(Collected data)
*** Begin section ***

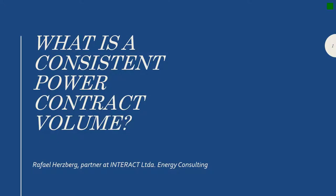What is a consistent power contract volume? I am Rafael Hertzberg, partner at Interact Limited, an energy consulting company based in Sao Paulo, Brazil.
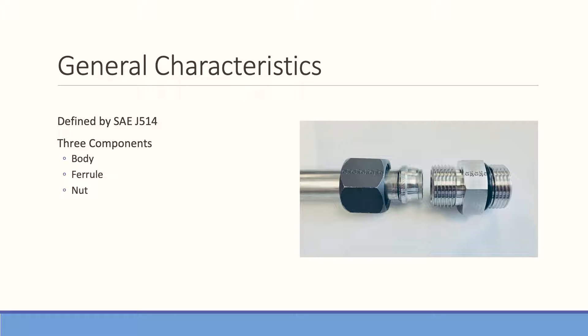As with the flare fitting, there's three components: the fitting body itself, the nut, and the ferrule. The ferrule bites into the tube in the case of the flareless fitting, which we call the Omega Bite product line. As you tighten the nut up against the fitting body, it draws the tube in and seats it properly within the fitting.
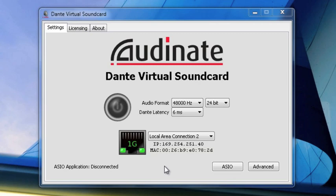Let's go ahead and turn on Dante Virtual Soundcard and then take a look at how we can patch audio between our console and our computer so we can use our computer for recording.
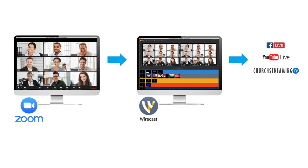You'll be able to bring in the Zoom webinar window into Wirecast, add graphic elements or other media, and stream out to multiple destinations.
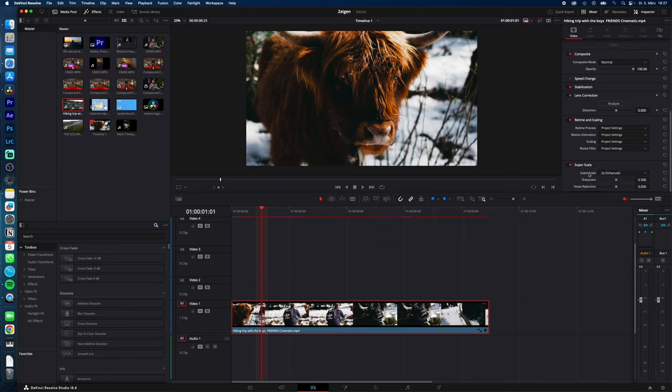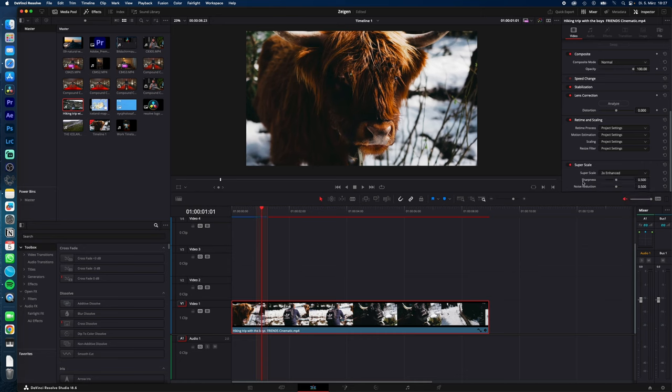Then just select how much you want to super scale or upscale your image. In my case from HD to 4K, I just want to double it, but I could even turn it into 8K.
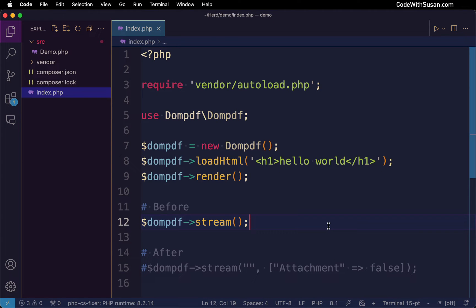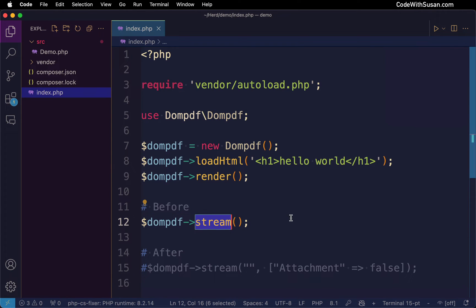I'm working with the package DOM PDF to generate PDFs from HTML content, and following their documentation I'm using the stream method which should display the resulting PDF in the browser.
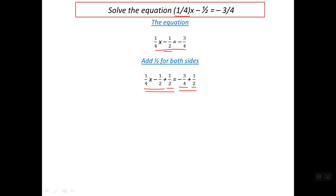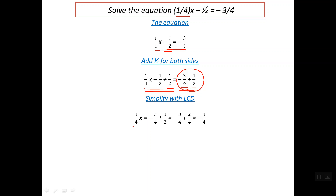Regarding the right side of the equation, we have an operation of two fractions with different denominators. In order to solve the operation for these two fractions, we can find the least common denominator for both four and two. The LCD for four and two is simply four. So we need to keep the denominator for these two fractions common and exactly equal to four.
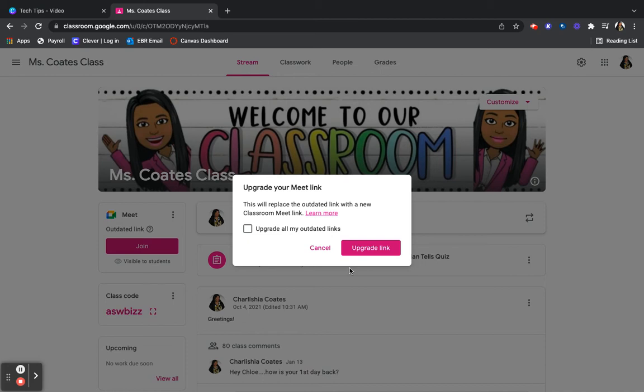It says that this will replace the outdated link with a new Classroom Meet link, and that's what we want. If you have more than one class, you can also select to upgrade all of your links.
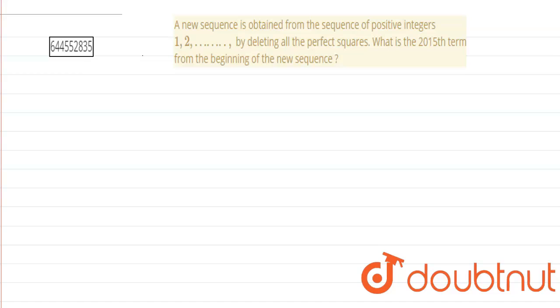Here a new sequence is obtained from the sequence of positive integers 1, 2 and so on by deleting all the perfect squares. What is the 2015th term from the beginning of the new sequence?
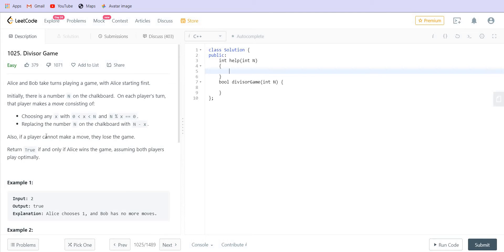It is also given that if a player cannot make a move, that player loses the game. Making a move means choosing a number x that is greater than zero, smaller than n, and divides n completely. There is always the possibility of choosing one since one divides any number. But if n equals one, we cannot choose one either, because the number must be greater than zero and smaller than one. So if n is one, we are stuck and will lose the game.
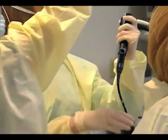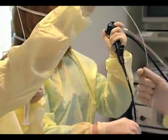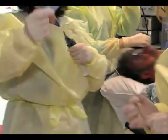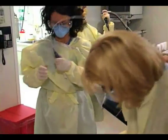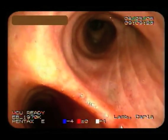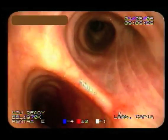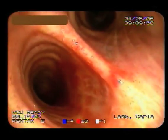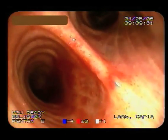We'll do a final inspection of the areas we've biopsied. Hemostasis has been achieved, and we've completed the procedure.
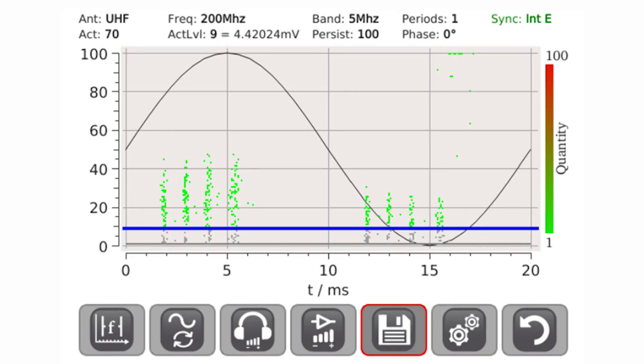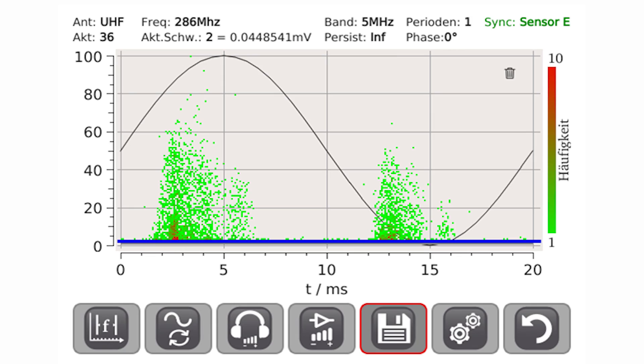Typical pattern for synchronous noise — not critical. Typical pattern for partial discharges — critical.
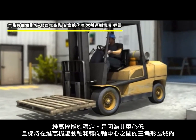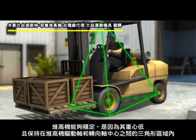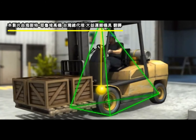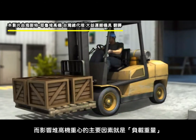A stable forklift has a center of gravity that is low and close to the middle of the forklift, well within the stability triangle. Here are the factors that affect the center of gravity.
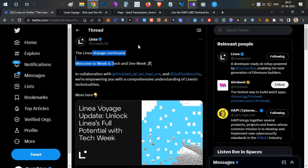Hello everyone, this is Harsha, welcome to my channel Crypto English. In today's video we're going to talk about Linear Voyage Week 5. I'll explain everything in simple steps.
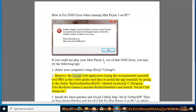2. Remove the Social Club application using the recommended Uninstall Tool Pro in this video guide, and then reinstall the app manually by going to the folder redistributables\rgsc\, default location at C:\Program Files\Rockstar Games\Launcher\redistributables, and launch Social Club Setup.exe.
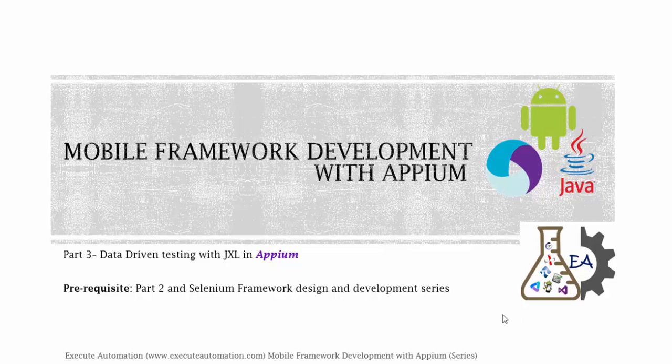Hey hello guys, this is Karthik from executeautomation.com and this is part 3 of our mobile framework development with Appium video series. In this part we're going to talk about data driven testing with JXL in Appium.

*** End section ***

Prompt: Put down exactly the lines of the data above that run from its first line through the line bearing "I'm working with", and no pictures.

Result below:
What is a consistent power contract volume? I am Rafael Hertzberg, partner at Interact Limited, an energy consulting company based in Sao Paulo, Brazil.
As with the flare fitting, there's three components: the fitting body itself, the nut, and the ferrule. The ferrule bites into the tube in the case of the flareless fitting, which we call the Omega Bite product line. As you tighten the nut up against the fitting body, it draws the tube in and seats it properly within the fitting.
Let's go ahead and turn on Dante Virtual Soundcard and then take a look at how we can patch audio between our console and our computer so we can use our computer for recording.
You'll be able to bring in the Zoom webinar window into Wirecast, add graphic elements or other media, and stream out to multiple destinations.
Then just select how much you want to super scale or upscale your image. In my case from HD to 4K, I just want to double it, but I could even turn it into 8K.
I'm working with the package DOM PDF to generate PDFs from HTML content, and following their documentation I'm using the stream method which should display the resulting PDF in the browser.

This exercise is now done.